Oil Sands Truth: Shut Down the Tar Sands

Energy East, Line 9 pipelines would be boost for Quebec refinery sector: Suncor

Energy East, Line 9 pipelines would be boost for Quebec refinery sector: Suncor

Jeff Lewis | 12/11/13

CALGARY – Rival plans to pipe Alberta crude east would safeguard jobs and encourage investment in Quebec’s struggling refinery sector, the president and chief executive of Suncor Energy Inc. said Tuesday.

Steve Williams said TransCanada Corp.’s proposed Energy East pipeline and Enbridge Inc.’s Line 9 reversal and expansion would improve the profitability of Suncor’s 137,000-barrel-per-day Montreal refinery, securing a “long-term” future for the plant in a region that has witnessed several closures.

“The way I would look at it is to look backwards and say five or six refineries have shut down in the Montreal area because they haven’t been economic,” Mr. Williams said following a Calgary business luncheon attended by members of Montreal’s Board of Trade. Quebec refineries, including another run by Valero Energy Corp., are now captive to pricier imported oil.

“So it’s a tough environment for refineries [that] can only import international crudes to be able to make the economics of the refineries work, so [the pipelines] certainly increases the profitability and makes it a much better place to operate,” Mr. Williams said.

Canada’s oil industry is trying to woo Quebec as export ambitions to the West Coast and south to the United States Gulf Coast have stalled. But the path east remains fraught with opposition. This year, federal regulators cancelled final hearings into Line 9 in Toronto amid security concerns, forcing Enbridge to submit final arguments in writing.

In prepared remarks, Mr. Williams cited figures from the government- and industry-funded Canadian Energy Research Institute saying Quebec stands to gain $14-billion from new oil sands development over 25 years.

Michel Leblanc, president and chief executive of Montreal Board of Trade, said public support for pipelines hinges on investment in the province’s ailing petrochemical and refining industries.

“There has to be an understanding that Quebec will not just be a platform for exporting oil, that it will be a place where economic activity will happen, and I think that’s important for public support,” he told reporters.

A final decision on Line 9 is expected early next year from Canada’s National Energy Board.
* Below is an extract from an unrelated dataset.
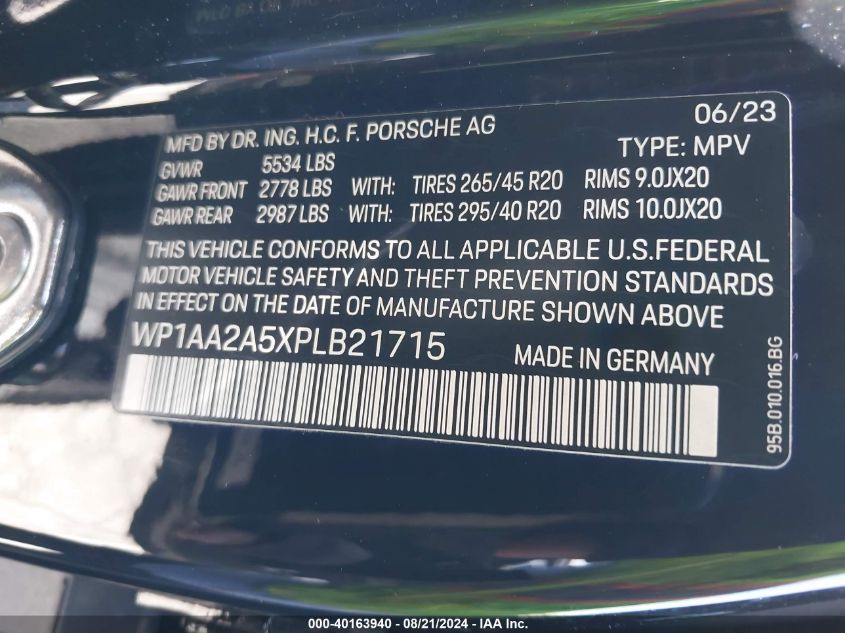 2023 Porsche Macan T VIN: WP1AA2A5XPLB21715 Lot: 40163940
Enbridge wants to switch the flow and boost capacity on the 1970s-era conduit between Sarnia, Ont., and Montreal to 300,000 barrels a day.
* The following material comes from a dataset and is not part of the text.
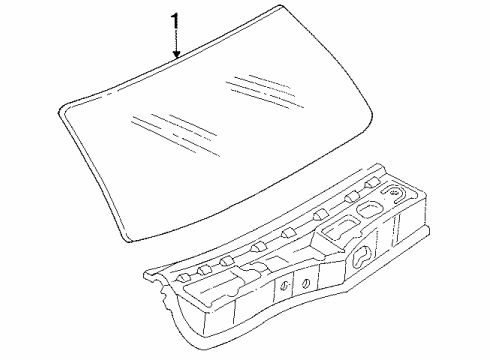 1989 Mercury Sable Glass - Windshield Diagram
Suncor, Canada’s largest energy company, is also backing TransCanada’s Energy East, which would funnel up to 1.1 million barrels a day of Western oil to export points in Quebec City and Saint John, N.B.

The projects could spur “a whole sequence of investments” including the potential addition of a coker at Suncor’s Montreal refinery, Mr. Williams said without providing specifics.

TransCanada has yet to formally apply for Energy East, but the project is due to start delivering Western crude to Quebec in 2017, when Suncor expects first oil from its $13.5-billion Fort Hills mine.